Repeat exactly each line of the material, starting from the line that contains "Autometer Airdrive 2-1/6in" and finishing with the final line.
::::::::::
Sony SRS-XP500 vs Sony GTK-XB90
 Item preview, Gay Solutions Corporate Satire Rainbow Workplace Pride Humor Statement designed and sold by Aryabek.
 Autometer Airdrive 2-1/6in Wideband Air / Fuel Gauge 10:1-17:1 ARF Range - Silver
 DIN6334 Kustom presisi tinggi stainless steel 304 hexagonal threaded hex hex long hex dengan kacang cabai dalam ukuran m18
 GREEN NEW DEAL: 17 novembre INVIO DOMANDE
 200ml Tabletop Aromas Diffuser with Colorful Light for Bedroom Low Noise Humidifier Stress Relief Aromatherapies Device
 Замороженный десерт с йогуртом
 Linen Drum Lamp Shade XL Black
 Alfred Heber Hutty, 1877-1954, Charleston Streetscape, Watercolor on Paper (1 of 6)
::::::::::
WRITTEN RESPONSE:
 Autometer Airdrive 2-1/6in Wideband Air / Fuel Gauge 10:1-17:1 ARF Range - Silver
 DIN6334 Kustom presisi tinggi stainless steel 304 hexagonal threaded hex hex long hex dengan kacang cabai dalam ukuran m18
 GREEN NEW DEAL: 17 novembre INVIO DOMANDE
 200ml Tabletop Aromas Diffuser with Colorful Light for Bedroom Low Noise Humidifier Stress Relief Aromatherapies Device
 Замороженный десерт с йогуртом
 Linen Drum Lamp Shade XL Black
 Alfred Heber Hutty, 1877-1954, Charleston Streetscape, Watercolor on Paper (1 of 6)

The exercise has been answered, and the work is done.